Go through the data below and copy each line that includes "Black".

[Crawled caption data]
=== Begin Enclosure ===
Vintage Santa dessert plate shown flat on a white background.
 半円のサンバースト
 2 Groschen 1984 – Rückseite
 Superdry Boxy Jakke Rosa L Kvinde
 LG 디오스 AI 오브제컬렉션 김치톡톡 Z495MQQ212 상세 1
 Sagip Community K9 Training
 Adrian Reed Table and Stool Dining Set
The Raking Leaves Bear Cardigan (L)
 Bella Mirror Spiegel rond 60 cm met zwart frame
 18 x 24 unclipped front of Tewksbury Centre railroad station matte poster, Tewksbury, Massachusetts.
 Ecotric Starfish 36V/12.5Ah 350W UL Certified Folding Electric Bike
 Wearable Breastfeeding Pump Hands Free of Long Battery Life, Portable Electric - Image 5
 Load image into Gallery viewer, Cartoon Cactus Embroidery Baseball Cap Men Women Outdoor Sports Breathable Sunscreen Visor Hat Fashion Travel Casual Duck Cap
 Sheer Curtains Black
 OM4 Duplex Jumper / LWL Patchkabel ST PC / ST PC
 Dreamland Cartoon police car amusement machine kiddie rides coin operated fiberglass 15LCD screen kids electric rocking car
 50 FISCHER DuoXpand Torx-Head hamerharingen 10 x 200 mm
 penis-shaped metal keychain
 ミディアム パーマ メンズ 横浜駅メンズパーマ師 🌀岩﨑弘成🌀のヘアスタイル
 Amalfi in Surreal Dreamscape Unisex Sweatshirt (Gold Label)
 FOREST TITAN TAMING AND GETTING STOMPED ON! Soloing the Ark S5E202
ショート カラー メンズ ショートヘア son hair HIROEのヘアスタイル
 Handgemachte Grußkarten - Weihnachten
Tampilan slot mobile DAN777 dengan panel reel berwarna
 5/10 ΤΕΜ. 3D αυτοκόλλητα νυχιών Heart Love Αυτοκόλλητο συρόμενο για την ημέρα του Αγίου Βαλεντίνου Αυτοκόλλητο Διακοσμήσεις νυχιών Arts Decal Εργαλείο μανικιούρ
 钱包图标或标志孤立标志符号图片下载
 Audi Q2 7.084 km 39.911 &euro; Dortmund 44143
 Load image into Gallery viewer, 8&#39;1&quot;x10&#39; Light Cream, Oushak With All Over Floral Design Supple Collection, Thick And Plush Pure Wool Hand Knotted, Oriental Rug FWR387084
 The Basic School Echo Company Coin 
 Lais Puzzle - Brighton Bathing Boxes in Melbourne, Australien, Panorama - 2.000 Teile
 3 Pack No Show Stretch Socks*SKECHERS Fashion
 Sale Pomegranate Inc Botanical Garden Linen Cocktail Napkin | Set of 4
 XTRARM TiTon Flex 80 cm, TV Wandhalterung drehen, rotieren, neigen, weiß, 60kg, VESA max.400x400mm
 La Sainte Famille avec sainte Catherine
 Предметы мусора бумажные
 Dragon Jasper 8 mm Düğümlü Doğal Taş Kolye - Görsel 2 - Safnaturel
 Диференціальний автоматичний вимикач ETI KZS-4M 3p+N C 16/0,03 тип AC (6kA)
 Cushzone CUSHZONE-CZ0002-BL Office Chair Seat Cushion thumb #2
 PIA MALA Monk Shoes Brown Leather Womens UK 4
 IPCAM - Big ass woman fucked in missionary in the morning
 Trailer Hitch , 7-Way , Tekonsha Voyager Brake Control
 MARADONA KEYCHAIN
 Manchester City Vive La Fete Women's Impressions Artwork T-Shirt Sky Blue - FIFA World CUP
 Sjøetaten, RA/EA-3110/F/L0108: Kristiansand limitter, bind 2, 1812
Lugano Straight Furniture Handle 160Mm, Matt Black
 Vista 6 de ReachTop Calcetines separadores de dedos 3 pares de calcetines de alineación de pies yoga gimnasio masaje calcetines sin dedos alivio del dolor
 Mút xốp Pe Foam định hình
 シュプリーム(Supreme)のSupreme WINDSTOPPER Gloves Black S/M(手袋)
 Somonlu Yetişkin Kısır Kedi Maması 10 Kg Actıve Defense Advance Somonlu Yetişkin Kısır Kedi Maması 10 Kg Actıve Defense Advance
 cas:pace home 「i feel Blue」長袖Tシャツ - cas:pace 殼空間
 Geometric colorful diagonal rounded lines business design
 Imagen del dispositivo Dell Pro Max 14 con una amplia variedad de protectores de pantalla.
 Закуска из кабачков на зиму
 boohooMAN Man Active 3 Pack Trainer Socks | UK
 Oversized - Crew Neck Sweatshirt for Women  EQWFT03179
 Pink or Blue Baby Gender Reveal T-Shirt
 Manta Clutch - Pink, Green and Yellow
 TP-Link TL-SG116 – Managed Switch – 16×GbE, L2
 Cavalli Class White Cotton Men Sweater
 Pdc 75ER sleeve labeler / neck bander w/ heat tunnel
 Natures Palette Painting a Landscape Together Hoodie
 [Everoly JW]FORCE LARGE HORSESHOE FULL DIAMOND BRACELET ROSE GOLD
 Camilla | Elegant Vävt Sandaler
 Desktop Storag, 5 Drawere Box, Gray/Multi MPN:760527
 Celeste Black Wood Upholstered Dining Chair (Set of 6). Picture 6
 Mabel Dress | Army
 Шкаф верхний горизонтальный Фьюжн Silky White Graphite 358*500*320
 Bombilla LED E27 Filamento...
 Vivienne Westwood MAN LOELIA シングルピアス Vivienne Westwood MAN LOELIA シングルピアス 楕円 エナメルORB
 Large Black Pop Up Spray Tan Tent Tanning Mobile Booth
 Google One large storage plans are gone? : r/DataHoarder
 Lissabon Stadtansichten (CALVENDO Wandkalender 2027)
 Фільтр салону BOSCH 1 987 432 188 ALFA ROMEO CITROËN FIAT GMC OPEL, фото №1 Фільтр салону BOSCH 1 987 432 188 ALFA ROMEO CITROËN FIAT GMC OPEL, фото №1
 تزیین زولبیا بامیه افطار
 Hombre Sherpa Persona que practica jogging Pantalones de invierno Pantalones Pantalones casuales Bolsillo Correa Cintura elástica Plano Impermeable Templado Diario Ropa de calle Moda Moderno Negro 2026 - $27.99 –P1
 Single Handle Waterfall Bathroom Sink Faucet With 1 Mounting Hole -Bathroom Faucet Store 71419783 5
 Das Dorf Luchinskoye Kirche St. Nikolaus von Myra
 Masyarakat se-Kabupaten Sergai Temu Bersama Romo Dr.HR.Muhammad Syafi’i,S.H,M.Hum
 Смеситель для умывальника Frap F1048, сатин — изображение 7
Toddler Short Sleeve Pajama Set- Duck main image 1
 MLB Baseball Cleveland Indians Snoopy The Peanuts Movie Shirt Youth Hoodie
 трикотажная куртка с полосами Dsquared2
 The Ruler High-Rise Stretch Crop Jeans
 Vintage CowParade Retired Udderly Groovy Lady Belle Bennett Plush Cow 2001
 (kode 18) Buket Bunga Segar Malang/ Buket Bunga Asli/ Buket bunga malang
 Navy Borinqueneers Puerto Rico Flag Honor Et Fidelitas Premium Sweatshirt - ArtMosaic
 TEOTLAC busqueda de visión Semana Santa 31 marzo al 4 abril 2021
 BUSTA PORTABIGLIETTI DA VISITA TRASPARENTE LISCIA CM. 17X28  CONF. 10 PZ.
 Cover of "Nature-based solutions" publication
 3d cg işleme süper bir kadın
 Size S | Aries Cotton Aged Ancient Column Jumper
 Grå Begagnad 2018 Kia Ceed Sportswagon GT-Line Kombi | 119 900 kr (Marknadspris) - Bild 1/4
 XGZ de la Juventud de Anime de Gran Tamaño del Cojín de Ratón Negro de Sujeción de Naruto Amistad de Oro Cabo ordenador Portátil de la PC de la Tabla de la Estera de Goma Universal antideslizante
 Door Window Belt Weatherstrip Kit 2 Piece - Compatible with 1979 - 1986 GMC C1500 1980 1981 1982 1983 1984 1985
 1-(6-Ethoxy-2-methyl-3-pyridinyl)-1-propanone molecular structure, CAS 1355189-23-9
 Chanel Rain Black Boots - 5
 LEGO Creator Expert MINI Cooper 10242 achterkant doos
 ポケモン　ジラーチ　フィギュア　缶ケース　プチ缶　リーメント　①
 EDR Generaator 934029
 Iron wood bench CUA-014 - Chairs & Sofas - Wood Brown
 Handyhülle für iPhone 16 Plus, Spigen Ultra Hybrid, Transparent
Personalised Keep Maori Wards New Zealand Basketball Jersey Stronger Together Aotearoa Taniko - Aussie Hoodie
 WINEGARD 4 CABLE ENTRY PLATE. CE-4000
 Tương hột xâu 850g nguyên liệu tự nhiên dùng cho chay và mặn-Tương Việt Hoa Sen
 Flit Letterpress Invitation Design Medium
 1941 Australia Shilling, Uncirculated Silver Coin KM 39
=== End Enclosure ===
**Exercise solution:**
 Sheer Curtains Black
Lugano Straight Furniture Handle 160Mm, Matt Black
 シュプリーム(Supreme)のSupreme WINDSTOPPER Gloves Black S/M(手袋)
 Celeste Black Wood Upholstered Dining Chair (Set of 6). Picture 6
 Large Black Pop Up Spray Tan Tent Tanning Mobile Booth
 Chanel Rain Black Boots - 5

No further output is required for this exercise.